Asked on CBS what the administration plans to do now, Miller replied there are "so many things we can do."
"For one thing, we can take the case to the Supreme Court on the emergency stay. We can go back to the district court and we can have a hearing on the merits. We can go to the banc to hear -- have it heard en banc. Or, if we want to, we can also continue the appeal with the panel," Miller said.
"Additionally, we're considering new and further executive actions that will enhance the security posture of the United States," he added. "...The president has enormous powers, both delegated to him by Congress and under the Constitution, his Article 2 foreign affairs power, to control the entry of aliens into our country and he's going to use that authority to keep us safe."

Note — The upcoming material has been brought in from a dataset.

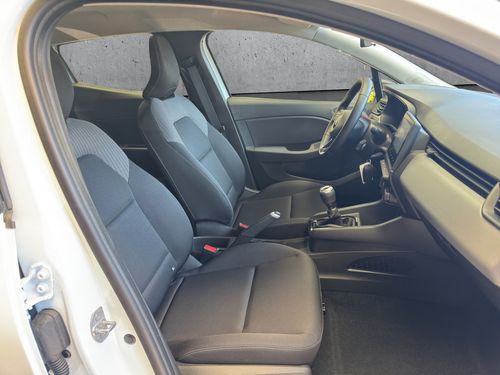 https://csb-strapi-files.fsn1.your-objectstorage.com/inventory-cars/images/e742d1e9754e29265c3afdf025d411ce0a60fc05/17_500_9824.jpg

Miller declared that saying the White House is "in control would be a substantial understatement" and "on issue after issue we're taking forceful action to deliver on the president's campaign promises on a breathtaking scale."
Making the rounds on all of the Sunday shows, Miller told ABC "the judiciary is not supreme."
"And the bottom line is the president's powers, in this area, represent the apex of executive authority," he said.
Washington state attorney general Bob Ferguson, who brought the lawsuit joined by Minnesota against Trump's order and won the lower court and 9th Circuit victories, told ABC that "the administration, the president, simply refused to recognize what everybody else can recognize."
"Four federal judges have looked at this case, two appointed by Republican presidents, two appointed by Democrats. All four have complete and utterly rejected the president's arguments in this case, and we anticipate winning as we move forward," Ferguson said.
"...Of course, there's broad discretion for the president. But nobody is above the law. An executive order is still -- must be consistent with our Constitution. And that's the problem that the president keeps running into with federal judges out here in the 9th Circuit."
Sen. Jeff Flake (R-Ariz.), who sits on the Foreign Relations Committee, told CBS he doesn't think "the ban that went in place was really based on our national intelligence or their assessment."
Flake said he believes Trump's executive order is constitutional, but "I don't think that it is a good idea."
"I think that the message that it sends to our allies abroad and the countries that we need to work with is not a good one. But I do think it is constitutional. And I hope that we will pause and reflect and see where we need to go from here," he added. "...We need to look and see where the real threats are, and base this on threats, and not so much just what was promised in the campaign."
The senator stressed that the three separate branches constitute "the genius of our government."
"And when I sat down with Judge Gorsuch, that's what I appreciated most is his recognition there. He said that, when he puts on the robe, he recognizes that he is not a legislator," Flake said of Trump's Supreme Court nominee. "And that is that we need, certainly, is judges that recognize the separation of powers, and also legislators that do and the executive branch as well. That is what has made this country work so well for more than 200 years."